[Data items]
↓↓↓

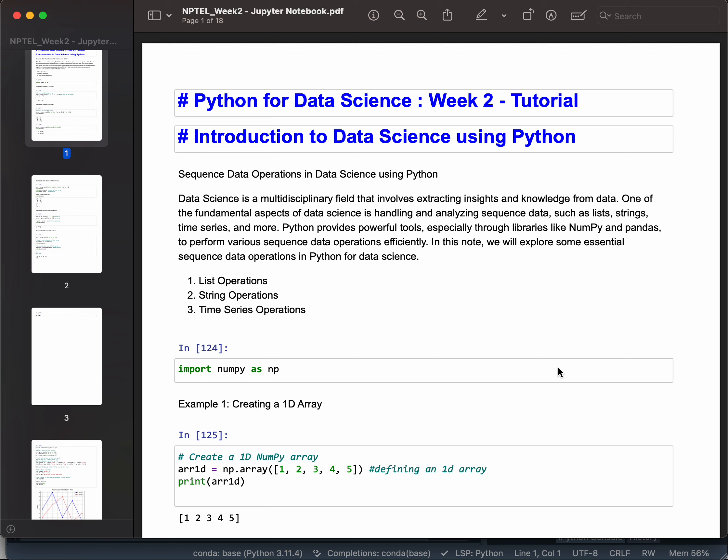Quick revision for Python for Data Science Week Two. In week two, we were introduced to data science using Python. Data science is a multidisciplinary field that involves extracting insights and knowledge from data. Python provides powerful tools.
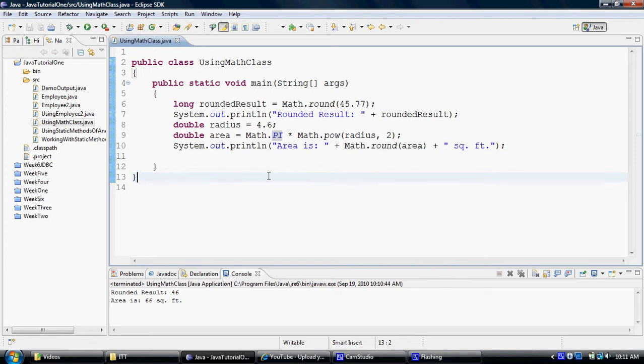But if it's a static constant, you will say final static, the data type, the constant name equals to a value. So just by sticking in the word static, you can now make it callable by the class name versus an object name. Usually object properties are private, but these properties can be kept public so that they can be utilized outside of the class.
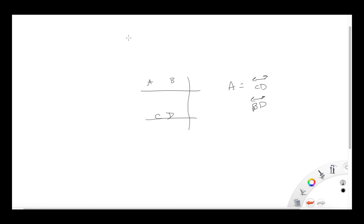In review, we looked at geometry with lines, segments, rays, and the difference between intersecting, parallel, and perpendicular lines. We looked at angles — the vertex, sides, and the types: right, acute, straight, and obtuse — and then answered questions on all of those things. That's your lesson; hopefully you do well, and if you have any questions, ask me.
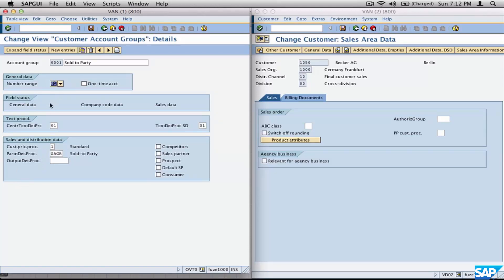What about the field status group? We have General Data, Company Code Data, and Sales Data here. This should ring a bell — when we discussed the customer master, we saw that there are three different sections in the customer master: General Data, Company Code Data, and Sales Data. The customer account group has these same three sections as well.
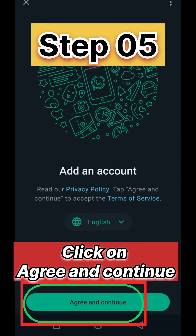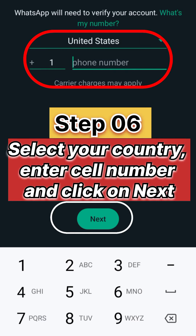Step 5: Click on Agree and Continue. Step 6: Select your country, enter the cell number on which you want to create an account, and click on Next.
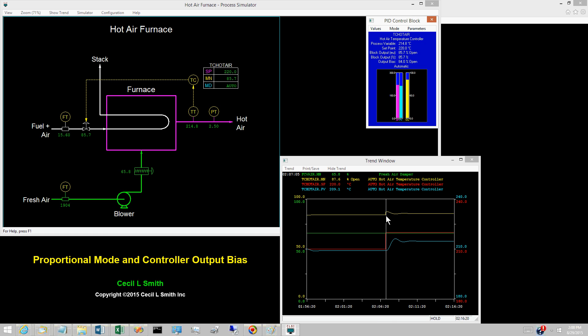This constitutes the proportional kick and is present whenever the proportional mode is used within the controller.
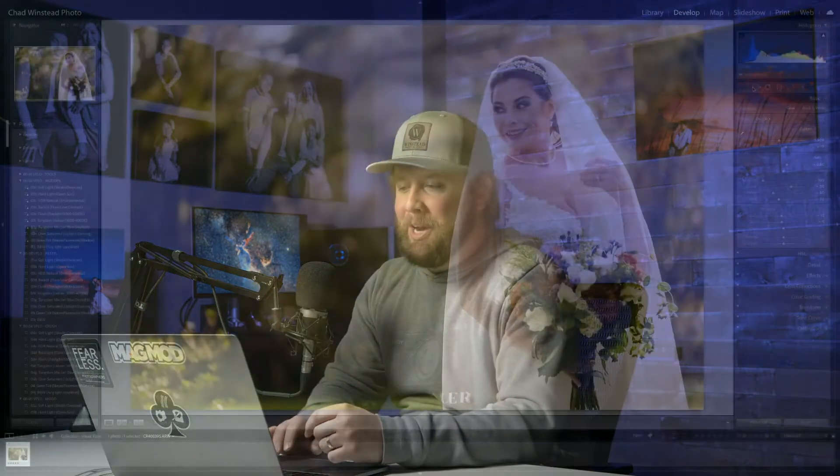What's going on, everybody? Chad Winstead here with SLR Lounge and Visual Flow Presets. Today I'm going to give you three tips on retouching skin in Lightroom. Let's check it out.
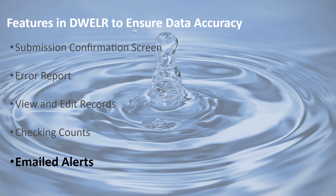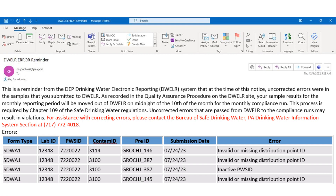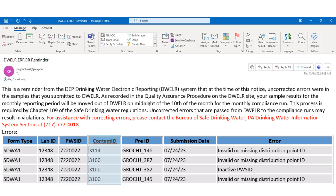The final DWELLR feature we will talk about are the emailed alerts that DWELLR will automatically send to you. DWELLR will send emails on the 1st, 5th, and 9th of the month to every user associated with your laboratory ID if any data submitted into DWELLR that reporting period has errors or warnings associated with it. The table in the email has 7 columns which will help you identify where the error has occurred. The columns include the form type, the entered laboratory ID, the PWS ID, the contaminant ID, the record ID, the date the data was submitted into DWELLR, and the error message.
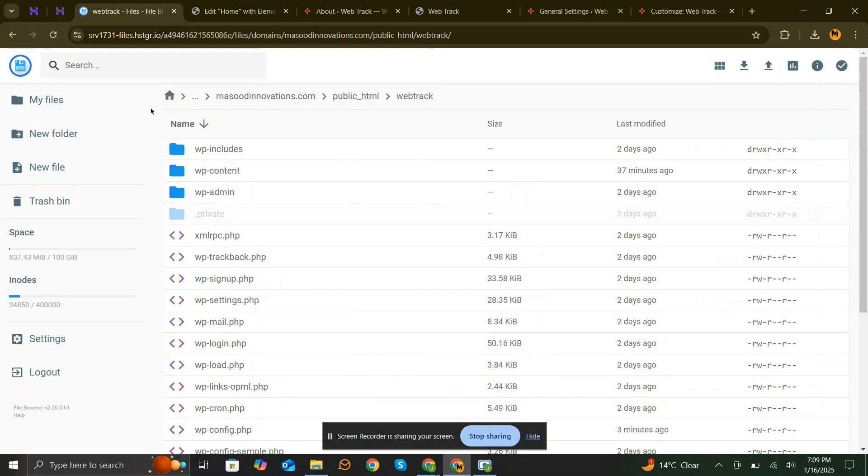Navigate to cPanel, then File Manager, public.html, and locate .htaccess file.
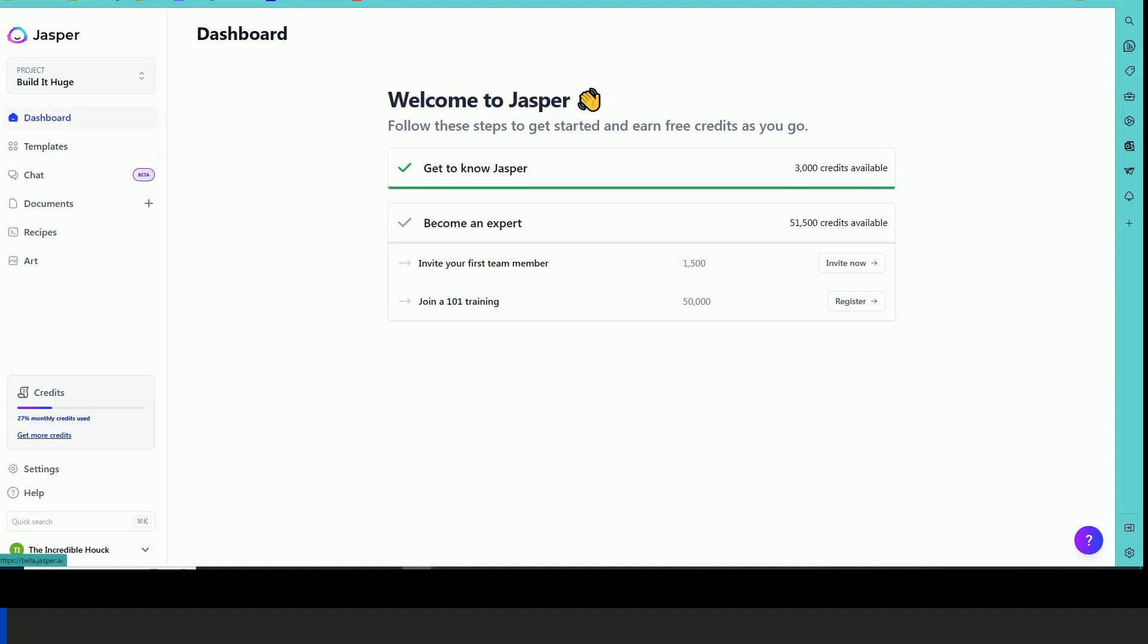Hey everybody, this is John. I've been using a software, an AI writing tool called Jasper for the past year and I've noticed that it's been improving quite a bit.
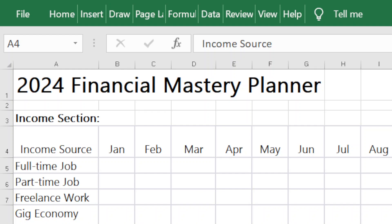Hi guys, welcome back to my channel — happy New Year! I took a bit of a break at the beginning of 2024 to get things situated, spend time with family, and manage work commitments. But I am back in full swing. One of my goals for 2024 is to track my finances in a more specific way using Excel tools I've created.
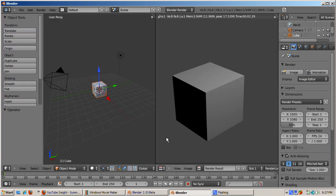Split the window into the image editor on the right and the 3D window on the left. Delete the default cube.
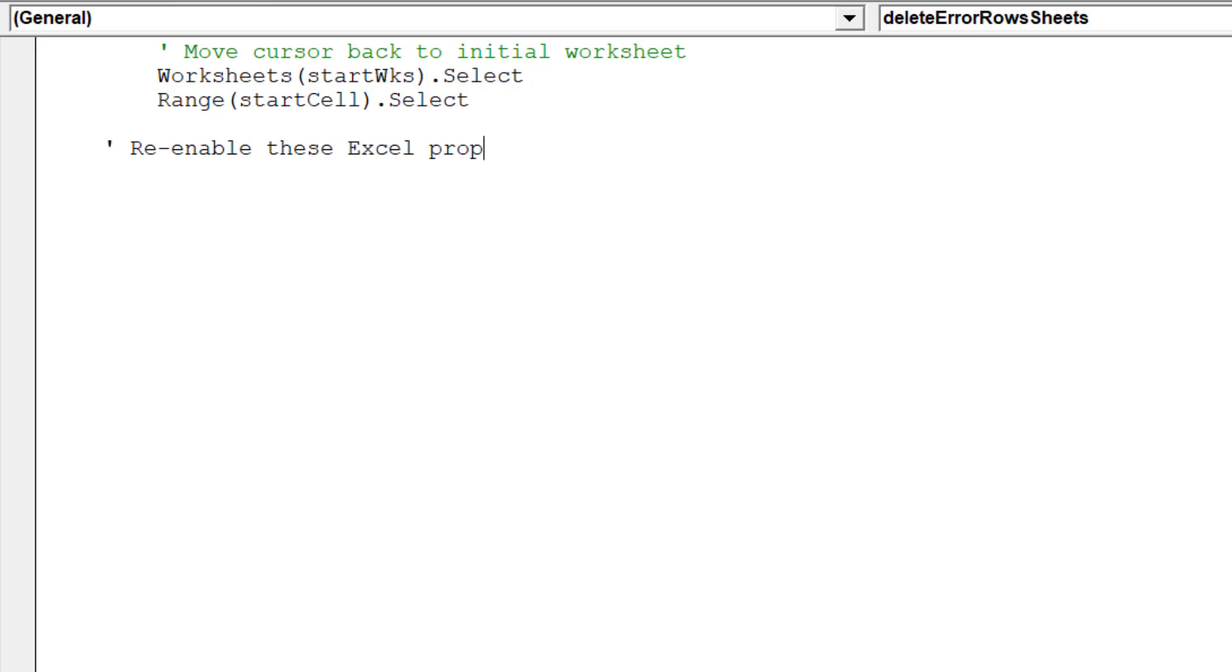The macro is complete. Don't forget to re-enable those three Excel properties that were disabled at the start of the macro.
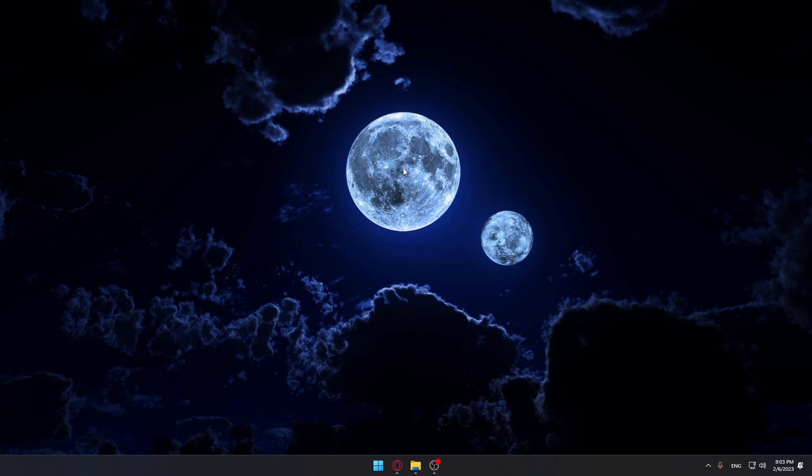Hi, in today's tutorial, I'm going to show you how to have two different wallpapers on Windows 11. The first thing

↑↑↑

YOUR OBJECTIVE:
Set down the lines from the one containing "Hey everybody, this" through the last line of the records above, both included, exactly as they appear and with no other text. Pictures should not be set down.

REPLY:
Hey everybody, this is John. I've been using a software, an AI writing tool called Jasper for the past year and I've noticed that it's been improving quite a bit.
Hi guys, welcome back to my channel — happy New Year! I took a bit of a break at the beginning of 2024 to get things situated, spend time with family, and manage work commitments. But I am back in full swing. One of my goals for 2024 is to track my finances in a more specific way using Excel tools I've created.
Split the window into the image editor on the right and the 3D window on the left. Delete the default cube.
The macro is complete. Don't forget to re-enable those three Excel properties that were disabled at the start of the macro.
Hi, in today's tutorial, I'm going to show you how to have two different wallpapers on Windows 11. The first thing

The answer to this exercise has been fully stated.